## DATASET RECORDS
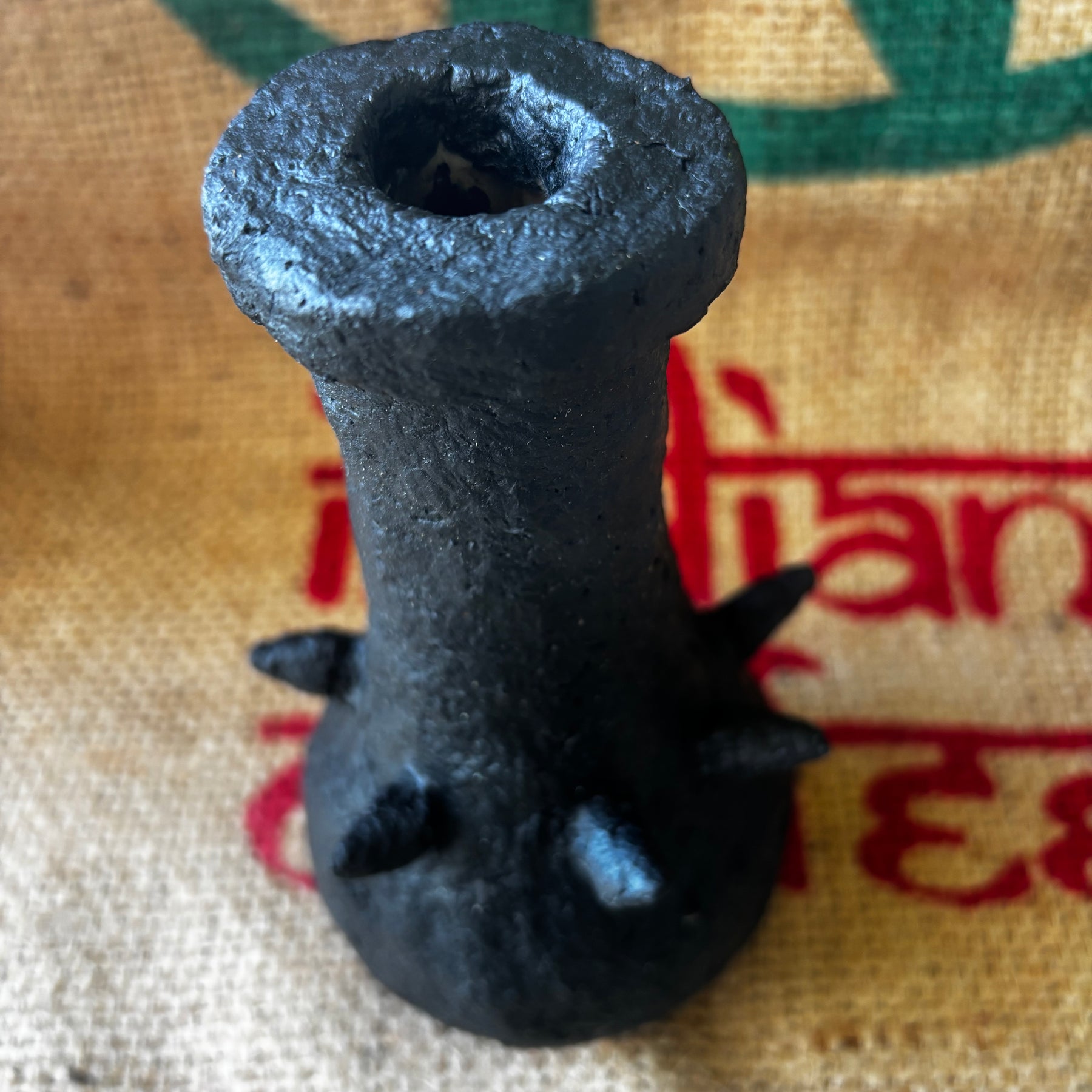 Little spiked black beauty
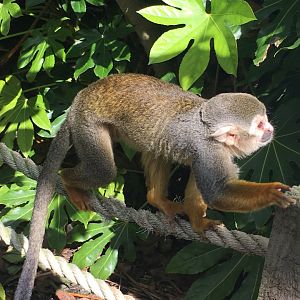 Squirrel monkey in Amazonia 040817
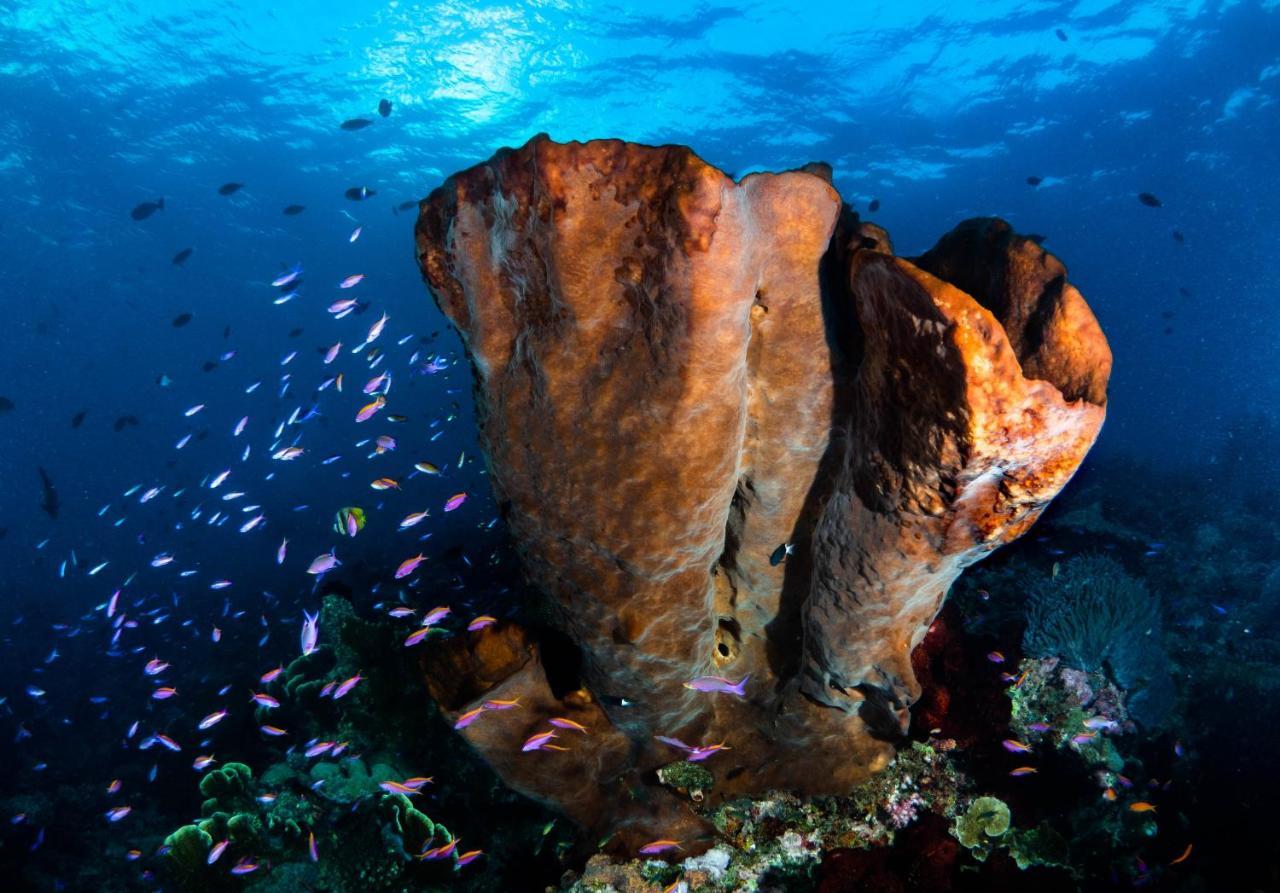 Sanctum Una Una Eco Dive Resort Pulau Unauna Zewnętrze zdjęcie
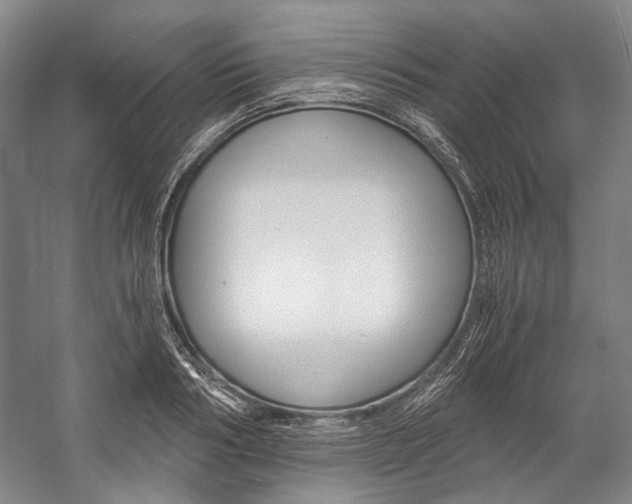 X0000057080986200509090908
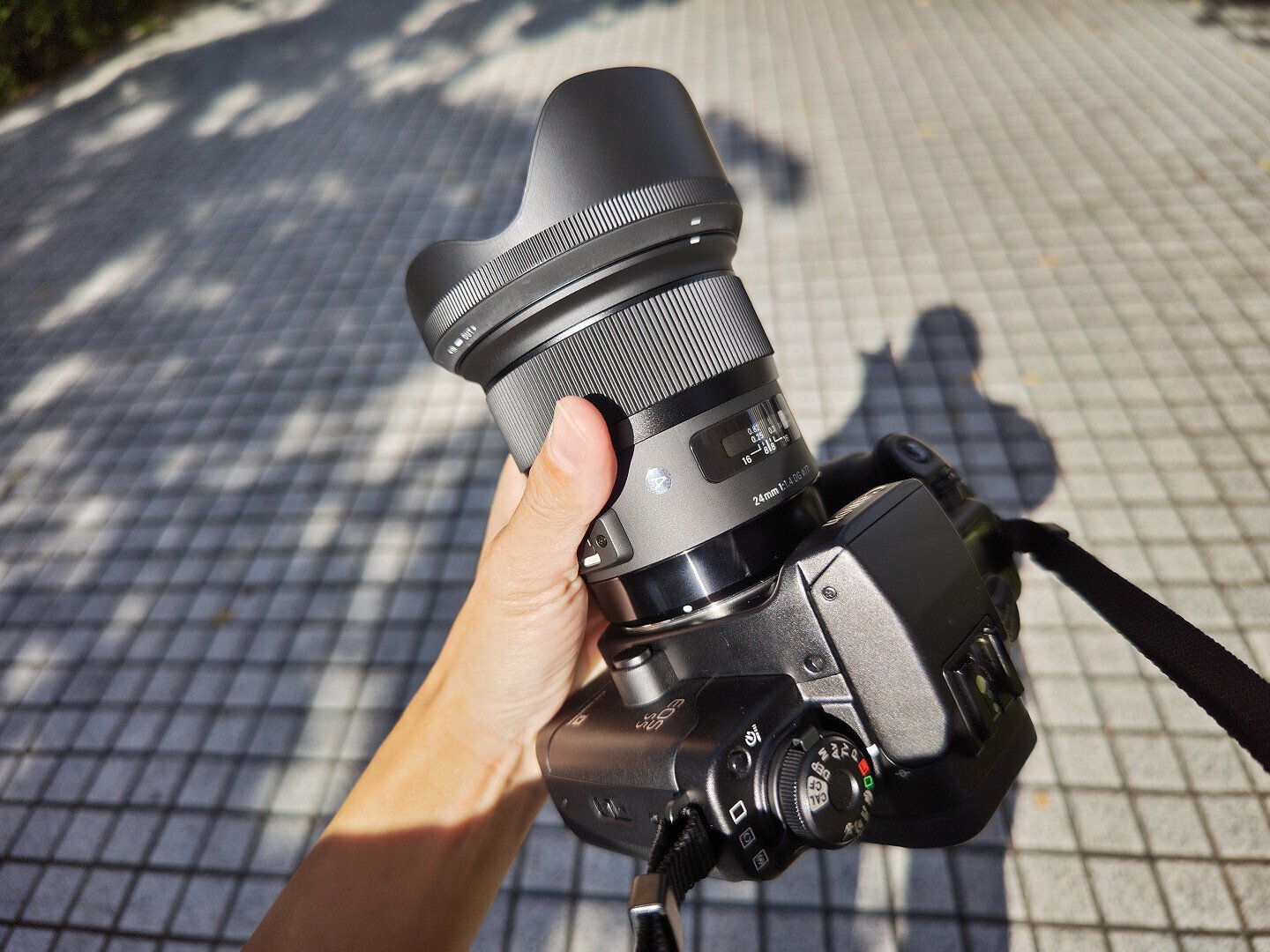 フィルムEOSとデジタルサードパーティレンズについて｜mayuri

## YOUR TASK
This task asks for the data above repeated exactly, without a single picture.

## EXERCISE SOLUTION
 Little spiked black beauty
 Squirrel monkey in Amazonia 040817
 Sanctum Una Una Eco Dive Resort Pulau Unauna Zewnętrze zdjęcie
 X0000057080986200509090908
 フィルムEOSとデジタルサードパーティレンズについて｜mayuri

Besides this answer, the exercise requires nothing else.